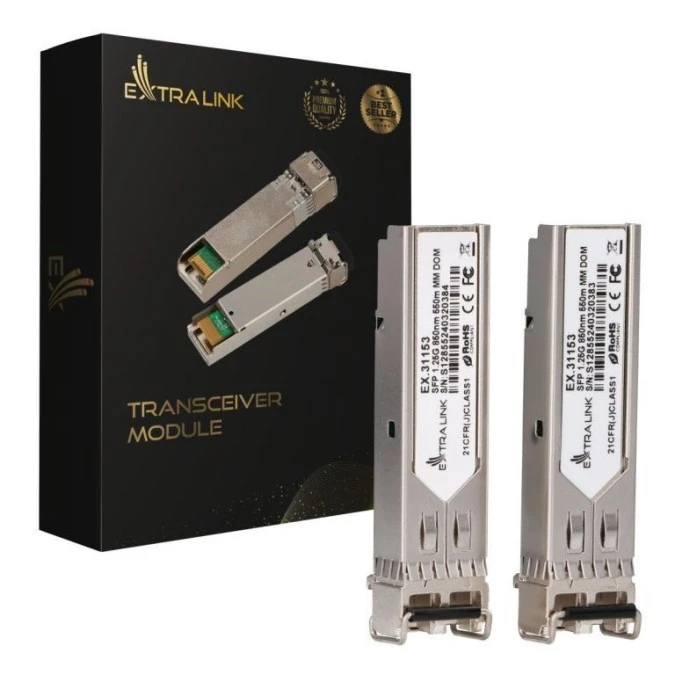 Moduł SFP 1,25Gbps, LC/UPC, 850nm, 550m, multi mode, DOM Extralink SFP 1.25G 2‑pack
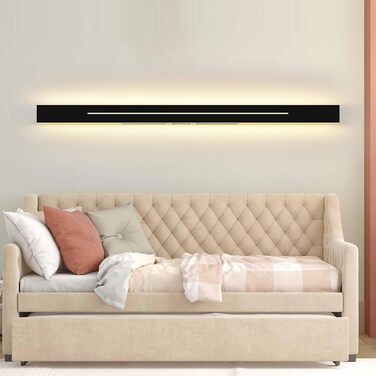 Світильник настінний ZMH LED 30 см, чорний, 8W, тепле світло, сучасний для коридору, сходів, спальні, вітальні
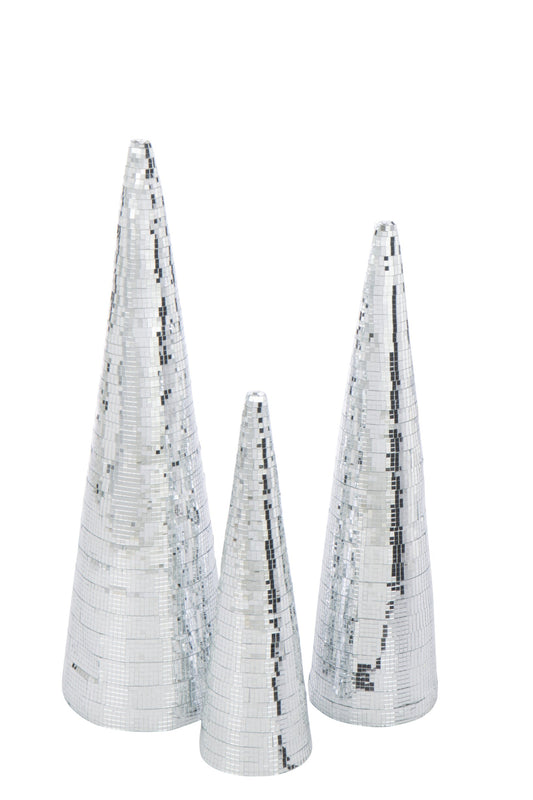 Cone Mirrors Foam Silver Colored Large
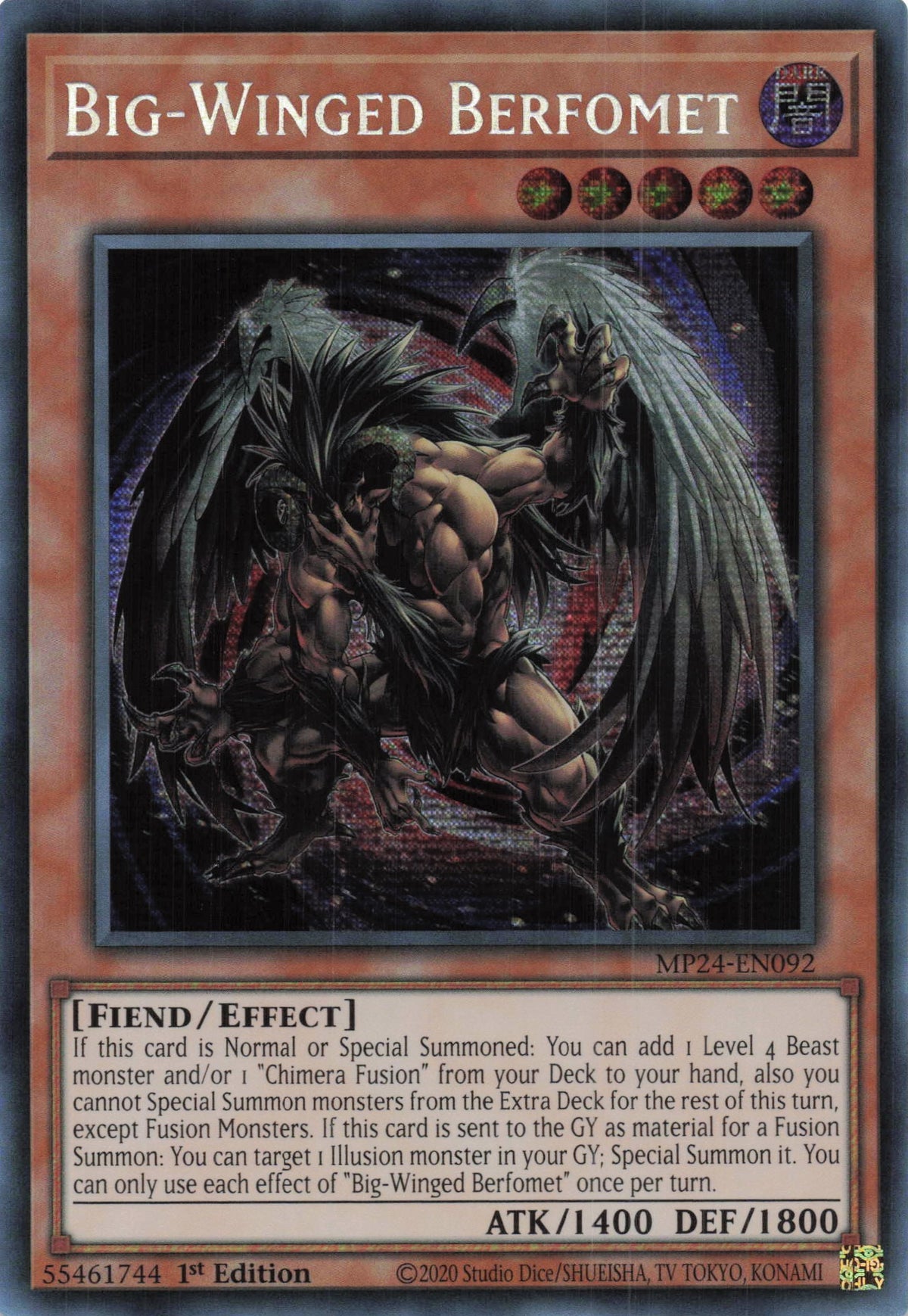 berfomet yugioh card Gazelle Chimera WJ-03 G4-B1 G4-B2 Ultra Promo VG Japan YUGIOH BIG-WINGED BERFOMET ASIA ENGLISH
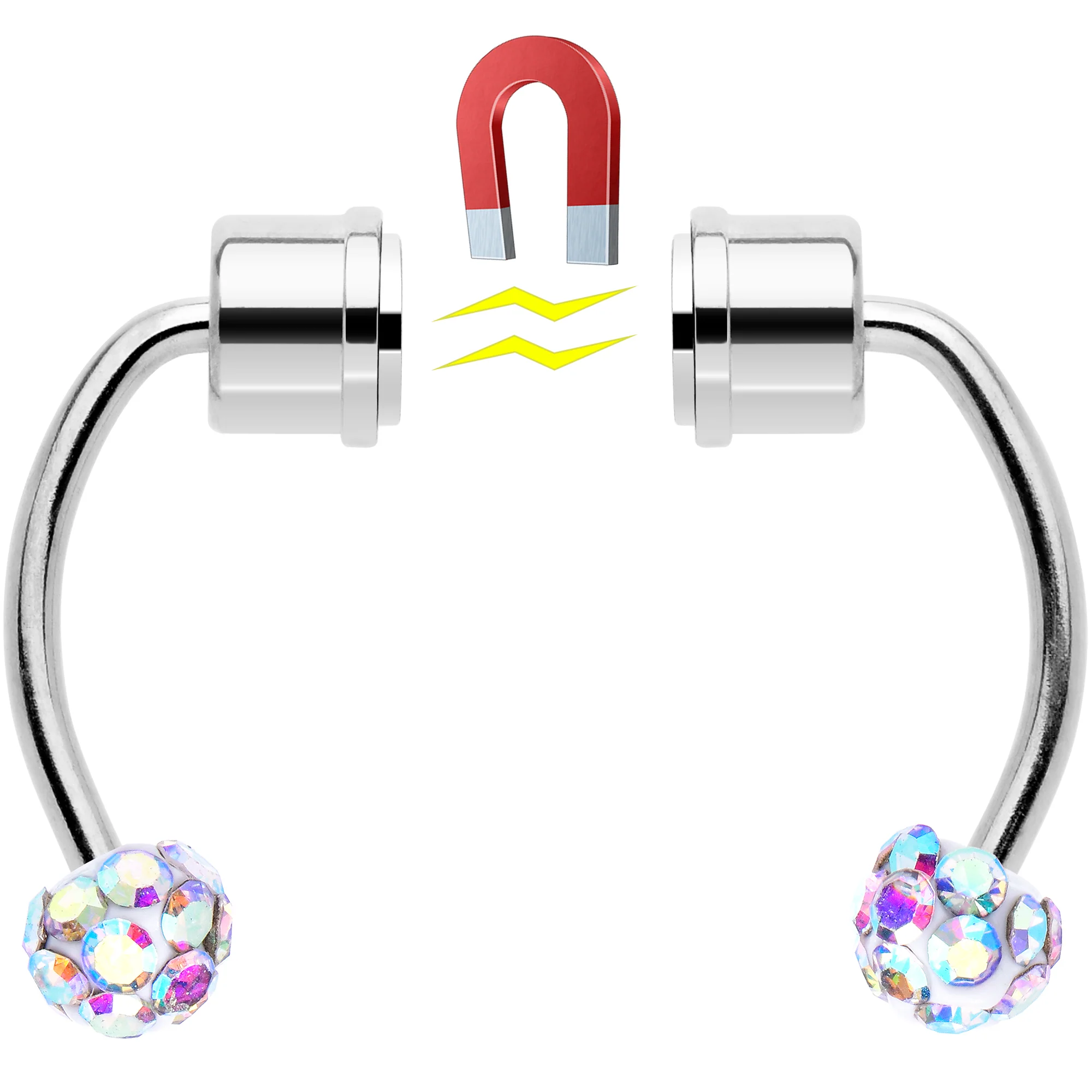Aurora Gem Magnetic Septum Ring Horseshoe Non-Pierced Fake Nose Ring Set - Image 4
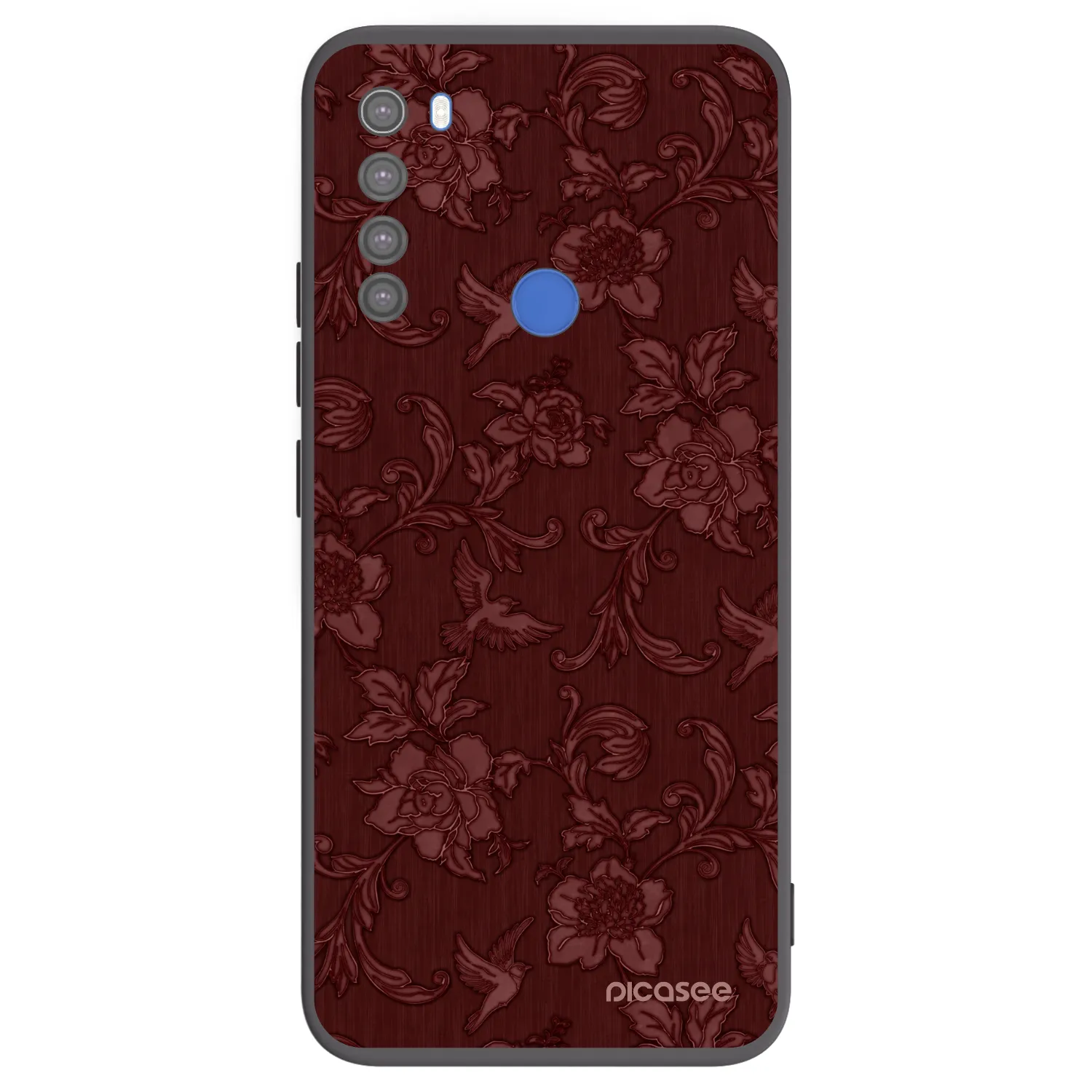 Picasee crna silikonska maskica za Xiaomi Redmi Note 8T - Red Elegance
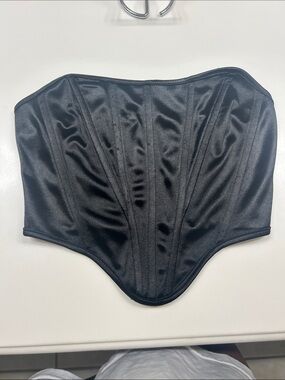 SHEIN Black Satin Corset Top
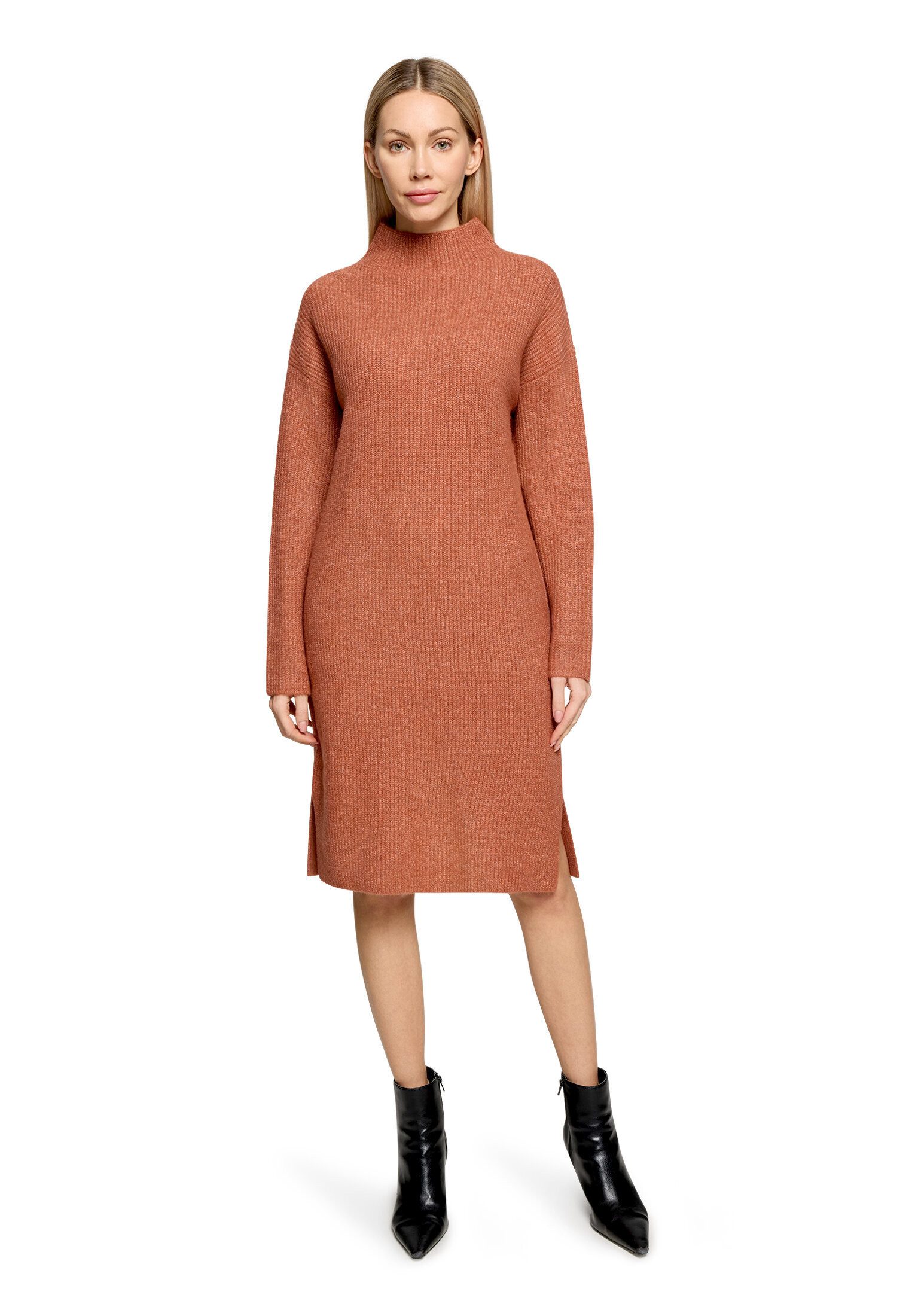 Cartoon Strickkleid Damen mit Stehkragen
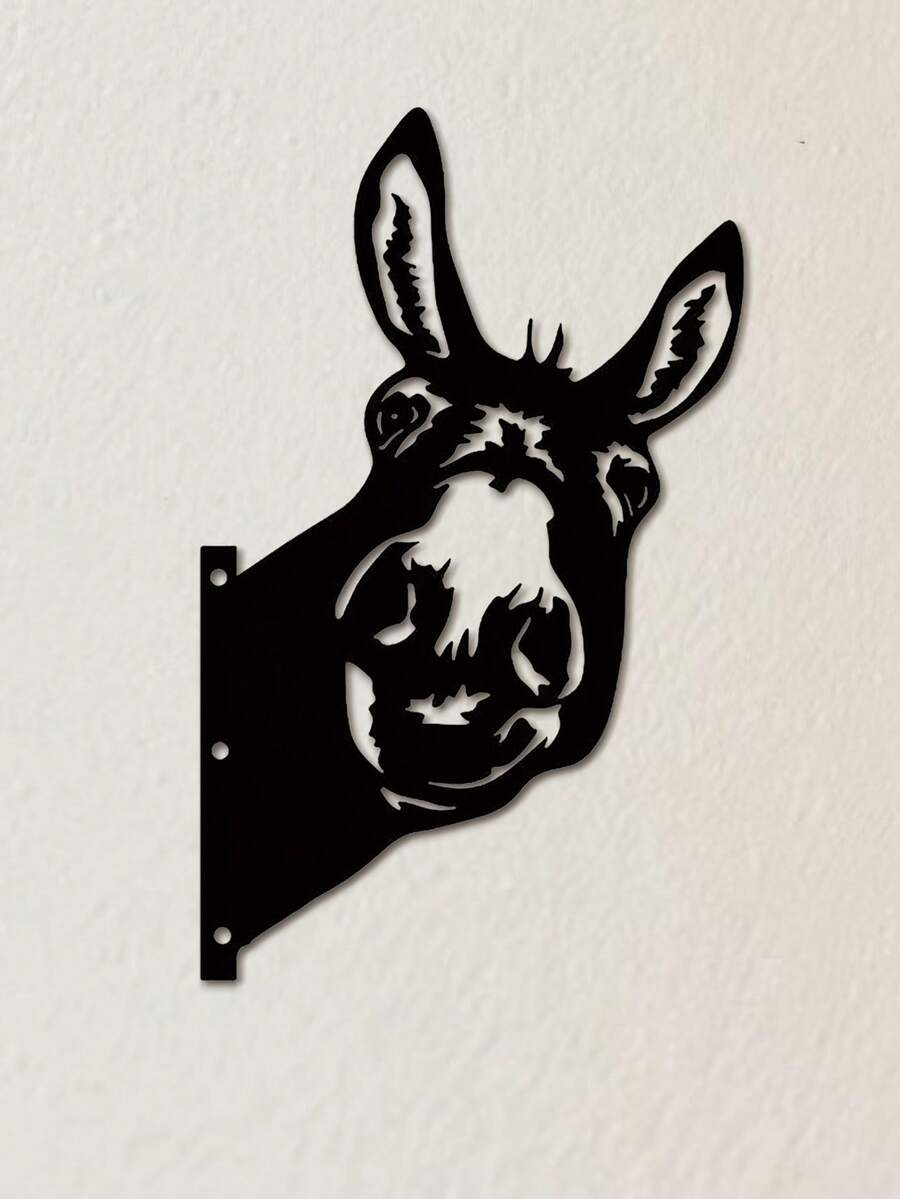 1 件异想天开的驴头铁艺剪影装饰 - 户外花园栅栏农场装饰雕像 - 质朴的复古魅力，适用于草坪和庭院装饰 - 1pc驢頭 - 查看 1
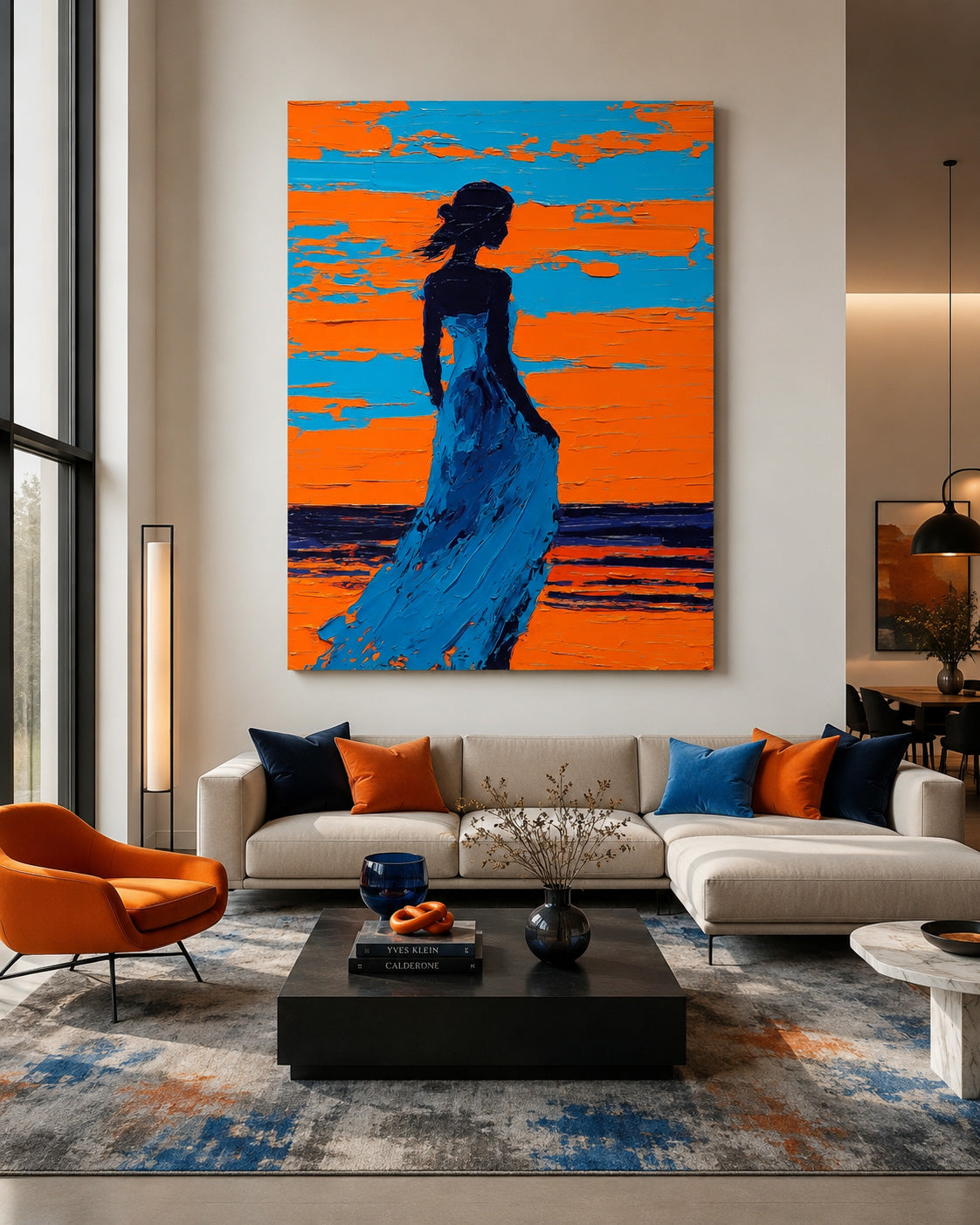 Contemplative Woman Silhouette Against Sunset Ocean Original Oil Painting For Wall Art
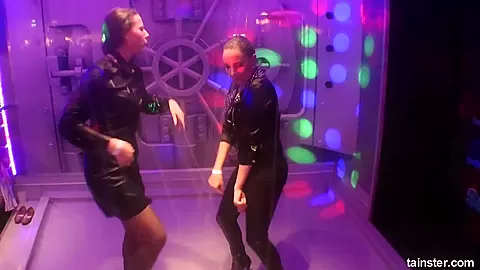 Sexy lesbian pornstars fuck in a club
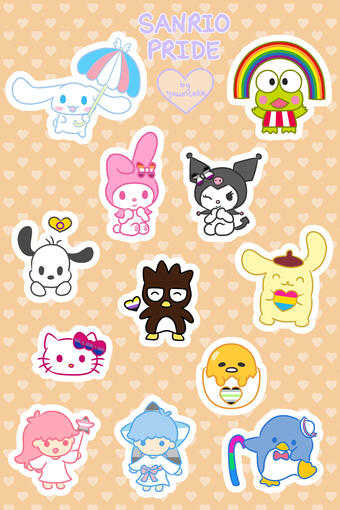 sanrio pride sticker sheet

+++++

Wherever an image appears in the data, omit it and repeat everything else exactly.

• **Your solution**:
 Moduł SFP 1,25Gbps, LC/UPC, 850nm, 550m, multi mode, DOM Extralink SFP 1.25G 2‑pack
 Світильник настінний ZMH LED 30 см, чорний, 8W, тепле світло, сучасний для коридору, сходів, спальні, вітальні
 Cone Mirrors Foam Silver Colored Large
 berfomet yugioh card Gazelle Chimera WJ-03 G4-B1 G4-B2 Ultra Promo VG Japan YUGIOH BIG-WINGED BERFOMET ASIA ENGLISH
Aurora Gem Magnetic Septum Ring Horseshoe Non-Pierced Fake Nose Ring Set - Image 4
 Picasee crna silikonska maskica za Xiaomi Redmi Note 8T - Red Elegance
 SHEIN Black Satin Corset Top
 Cartoon Strickkleid Damen mit Stehkragen
 1 件异想天开的驴头铁艺剪影装饰 - 户外花园栅栏农场装饰雕像 - 质朴的复古魅力，适用于草坪和庭院装饰 - 1pc驢頭 - 查看 1
 Contemplative Woman Silhouette Against Sunset Ocean Original Oil Painting For Wall Art
 Sexy lesbian pornstars fuck in a club
 sanrio pride sticker sheet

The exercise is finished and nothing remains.